Sekitar 5 menit lebih kami menunggu. Keadaan di kantor itu cukup sepi. Dari ruang tunggu, terlihat banyak yang sedang meninggalkan kursi dan meja kerjanya. Mungkin karna sekarang hampir menjelang jam istirahat makan siang. Pak satpam turun dan kembali ke meja resepsionisnya, “Tunggu sebentar ya mbak, sebentar lagi ibunya turun.”. “Ya, pak”, jawab kami sambil menganggukkan kepala. Tak lama kemudian, turun seorang ibu-ibu yang langsung mempersilahkan kami untuk masuk ke sebuah ruang kecil lainnya yang sepertinya digunakan untuk diskusi perusahaan. Setelah menyampaikan maksud dan tujuan kami berkunjung, serta menjelaskan, dan menanyakan beberapa hal tentang magang. Ibu itu pun menjawab dengan singkat. Jawaban yang sama sekali tak kami duga sebelumnya. “Maaf, kami tidak menerima peserta magang perempuan.”. Tanpa sedikitpun perasaan bersalah, ibu itu menjelaskan alasannya yang intinya yaitu kalo yang magang cewe bakal susah disuruh kerja lapangan. Alasan yang jelas tidak bisa kami bertiga terima. Kami berusaha menjelaskan pengalaman kami dan kegiatan di kampus yang sudah melatih kami untuk bisa menjadi teknisi lapangan, meskipun kami C.E.W.E. Tapi belum selesai kami menjelaskan, ibu itu langsung memotong omongan kami dan mengulang perkataannya lagi, “Di sini nggak nerima magang cewe.”. Kulihat muka ibu itu terlihat mulai malas meladeni kami. Akhirnya kami menyerah untuk berbicara lebih panjang. Karna kesal, “Oh ya.. makasih ya bu”, kataku dengan senyum kecut sambil menyodorkan tangan bermaksud bersalaman untuk pamit dan beranjak dari kursiku, diikuti Za dan Ndeng. Saat melangkah keluar ruangan itu, tiba-tiba ibu itu minta maaf karna tidak bisa menerima kami. “hhhh... pasti cuma formalitas. Biar kelihatan sopan”, batinku ketus. Kami hanya membalas dengan senyuman dan segera keluar dari perusahaan itu.

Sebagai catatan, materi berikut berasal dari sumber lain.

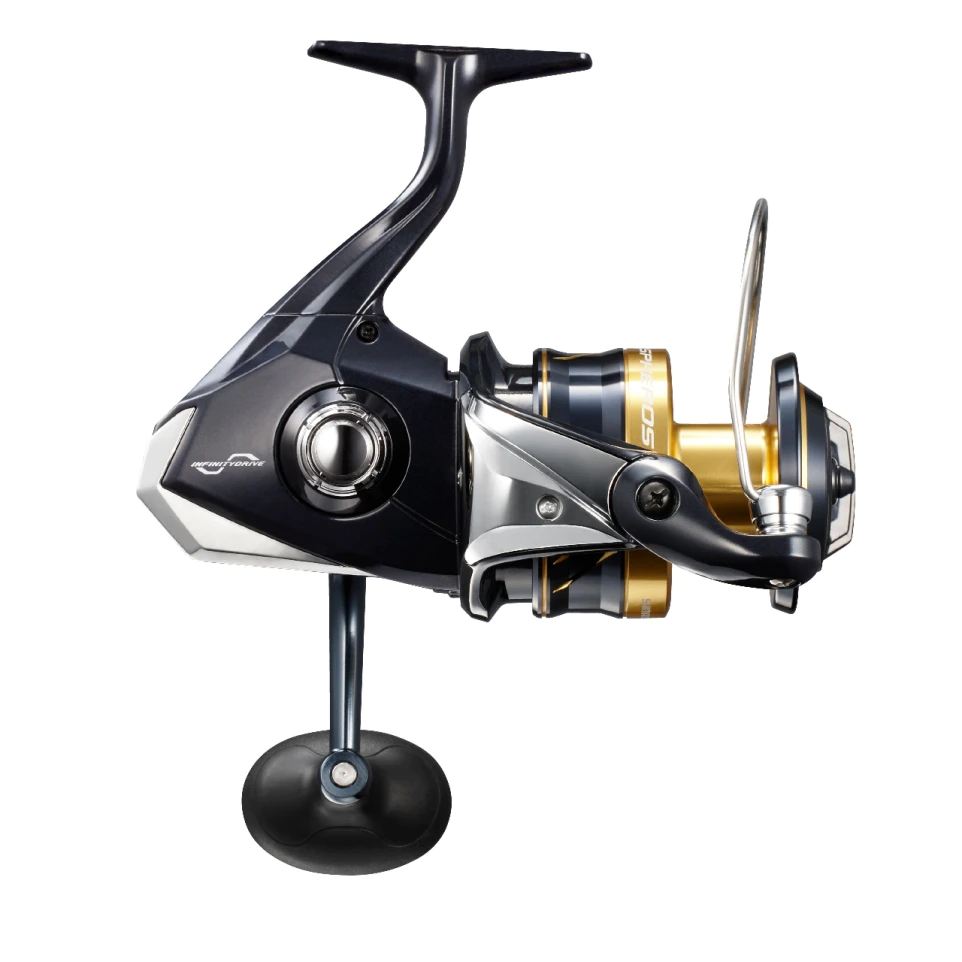 スフェロスSW 6000HG リール スピニング(大型)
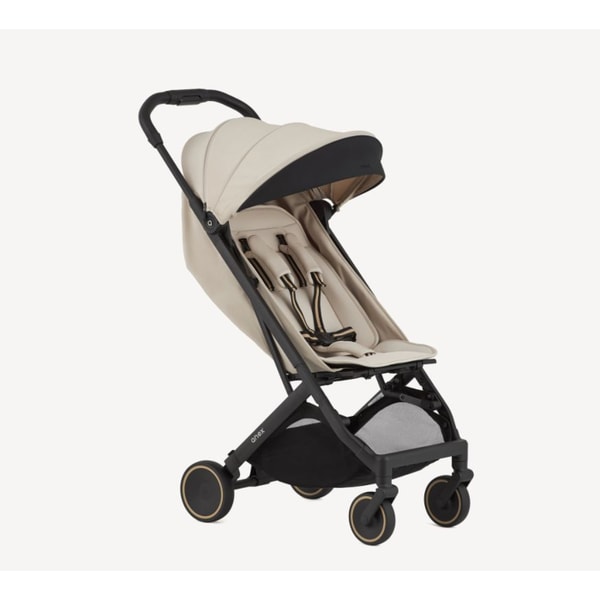 La Casa del Beb&egrave; Passeggino Anex Air-X&sup2;-Shiro Recensione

“Apa-apaan?? Karna kita cewe??”, kata Za bersungut. Kami sempat memperdebatkan itu dengan sedikit berbisik-bisik kesal beberapa menit di tempat parkir perusahaan, sambil memakai kembali jaket, slayer, dan helm kami, berniat untuk berkeliling lagi menuju perusahaan lainnya. Sepanjang perjalanan, aku terus saja memikirkan yang baru saja terjadi. Aku masih tak habis pikir dengan ucapan ibu tadi. “Alasan macam apa itu?? Sekarang kan udah jaman emansipasi. Dan.. halooo buu.. njenengan kan yo nggeh wedok”, batinku masih saja kesal. Aku begitu kesal, sampai tak ada alasan untuk ber-positive thinking. Hanya bisa ber-Istighfar ketika mengingat kejadian itu. Kami benar-benar berkeliling menyusuri setiap perusahaan yang berhubungan dengan telekomunikasi di Tembalang siang itu. Berharap tiba-tiba muncul kejaiban. Tapi, yahhh... namanya juga belum rejeki. Walaupun udah panas-panasan, naik, turun, naik lagi, muter sana, belok sini, tetep aja hasilnya nihil. Akhirnya kami beristirahat di masjid Al-Azhar sekalian sholat zuhur. Kami bertiga janjian sama Upit dan Memei yang baru saja menyerviskan laptop Upit untuk bertemu di masjid Al-Azhar, sebelum kembali ke kampus.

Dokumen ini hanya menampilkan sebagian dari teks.